While in Siwan we visited an orphanage and met a boy named Manish. He lived in the orphanage with his two brothers. Manish was 6 years old, crippled and must walk with a makeshift walker built by the orphanage. It was really the only way he could get around without crawling. The amazing part of this story was that he and his brothers were still alive.
Three years earlier, the orphanage found Manish and his two brothers begging in the streets. The father was in prison and the mother had committed suicide. They had no money, food or place to live. Manish was three years old and crawling in the street.
TRAFFIC IN INDIA
Our first destination in India was Bangalore. The first WHITE KNUCKLE ride from the airport to the hotel about did me in. I didn't see any traffic lights. The traffic just goes whereever they can squeeze in.
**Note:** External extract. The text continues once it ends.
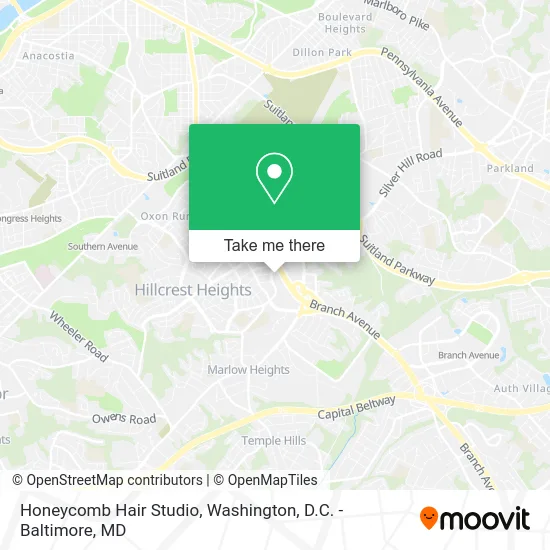 Honeycomb Hair Studio map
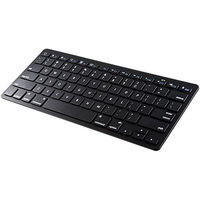 サンワダイレクト Bluetoothキーボード（iPhone・iPad・パンタグラフ・小型・アイソレーション） 400-SKB045 1個（直送品）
After a few days, I began to realize there IS a rhythm that controls traffic. For those who are fortunate enough to have a vehicle, THEY USE THEIR HORNS TO MAKE TRAFFIC WORK . . . AND THEIR HORNS ARE BLARING ALL THE TIME! And guess who has the right of way . . . THE ANIMALS. Surprisingly I only saw one accident the entire time we were in India.
We also visited Patna, Bihar and then travelled by jeep to the town of Siwan. It was a four hour trip one way. I think it was that road that originated the term “POT HOLES”. The entire 4 hours, we were bouncing and holding on for dear life. I also think the driver of our jeep had a death wish as he drove as fast as he could weaving in and out of anything that got in his way.
The jeep you see in the picture on the right also traveled this same route. In India, any form of transportation packs as many people in as possible - up on top - hanging from the sides and jammed into the inside. Nearly 19 people were in this jeep. The drivers don’t leave until they have filled every space. How they made that 4 hour trip without losing anyone is beyond me.